A multi-stiffness carbon fiber furniture woven in one piece

BellowBench is a multi-stiffness piece of furniture created by weaving stiff and soft carbon fiber braids into a single structure, eliminating the traditional assembly process. To achieve this, a material library was developed specifically for furniture applications, using industrial testing methods to optimize both stiffness and aesthetics. A computational tool was also developed to enable a seamless workflow between CAD design and BOM generation, enhancing manufacturing efficiency. Additionally, a parametric user interface was implemented to allow custom designs through real-time 3D modeling feedback based on user input, streamlining visual prototyping and collaboration among stakeholders.

Bellow design enables a compressible furniture

Inspired by compliant mechanisms, BellowBench is designed to be compressible, allowing it to be stored in spaces of various sizes.
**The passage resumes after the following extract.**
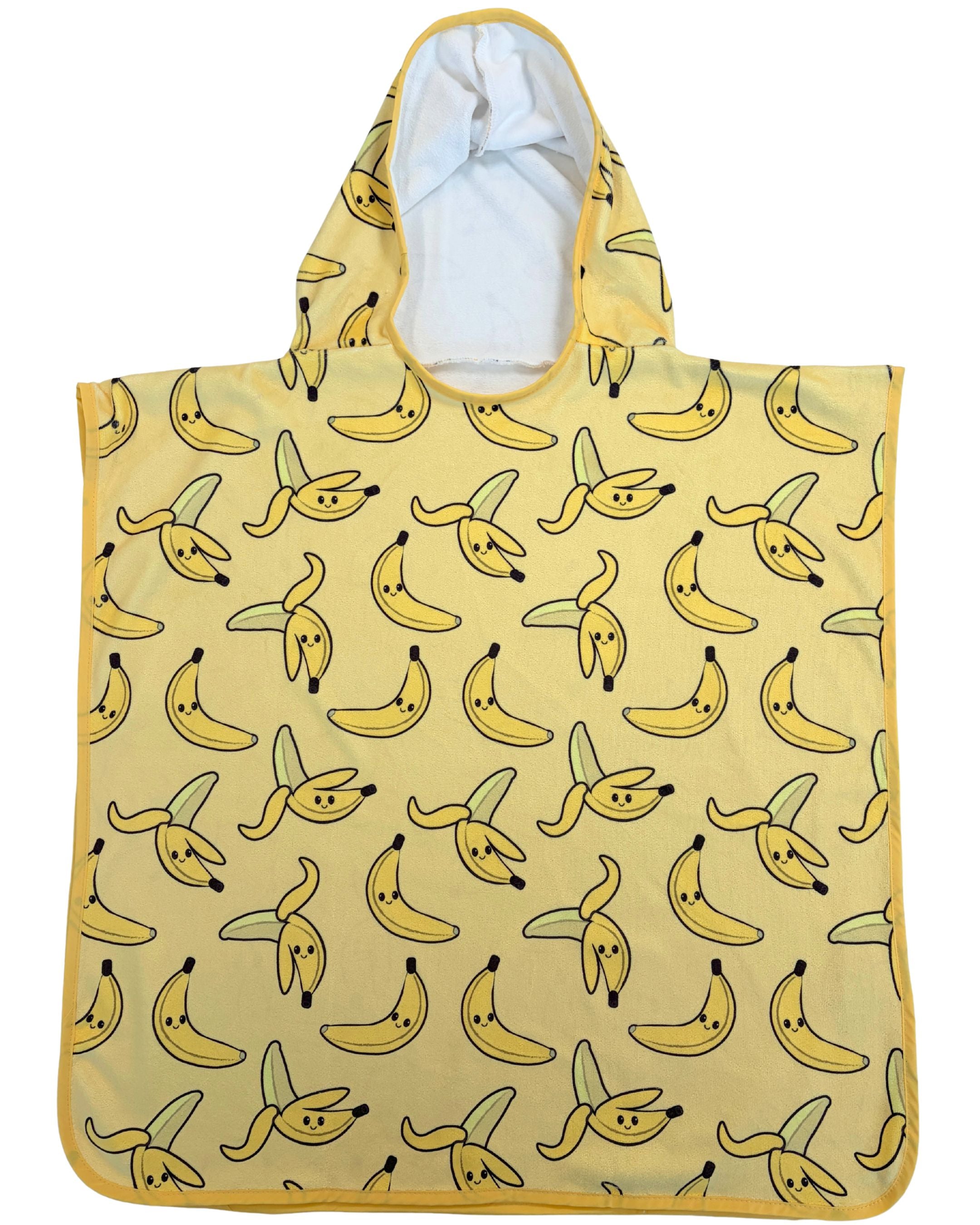 Hooded poncho towel for child (18 months to 5 years): Friendly Bananas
Computational tool for rapid custom design

A computational design tool was developed to facilitate design communication among stakeholders and allow end-users to create unique furniture by adjusting parameters with visual feedback. These parameters include the number of units, the length of each unit, the height of the arc, and the overall dimensions of the bench. In addition to custom design, modular fabrication was also a key consideration throughout the design process.

Material characterization

Material characterization was conducted by evaluating the mechanical performance of braided carbon and glass fibers through INSTRON bending tests. The test results inform material selection for furniture applications, considering both structural and aesthetic aspects.

Finite element analysis to assess mechanical deflection

To further assess potential mechanical deflection on final product, fine-element analysis was conducted through ANSYS simulations to provide product iteration guidelines (e.g., where to add materials to increase strength). In the simulation model, the composite was laminated, instead of braiding, to define thicknesses or volume. The boundary condition and forces were then applied to complete the simulation.
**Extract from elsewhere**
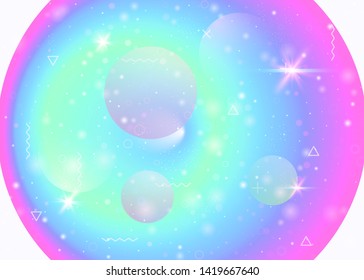 Universe background with galaxy and cosmos shapes and star dust. 3d fluid with magic sparkles. Fantastic space landscape with planets. Holographic futuristic gradients. Memphis universe background.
From CAD to fabrication: jig preparation and assembly process

To enable seamless translation between CAD and fabrication, we developed an extension for jig design and its BOM. For prototyping purposes, we used only off-the-shelf materials, so considering the standard dimensions of materials like styrofoam and paper sheets was critical to ensure effective material use. A step-by-step assembly process was visualized to guide physical prototyping.

A full scale prototype capable of supporting two adults's weight

Resin was applied to the final woven carbon fiber piece to enhance its strength.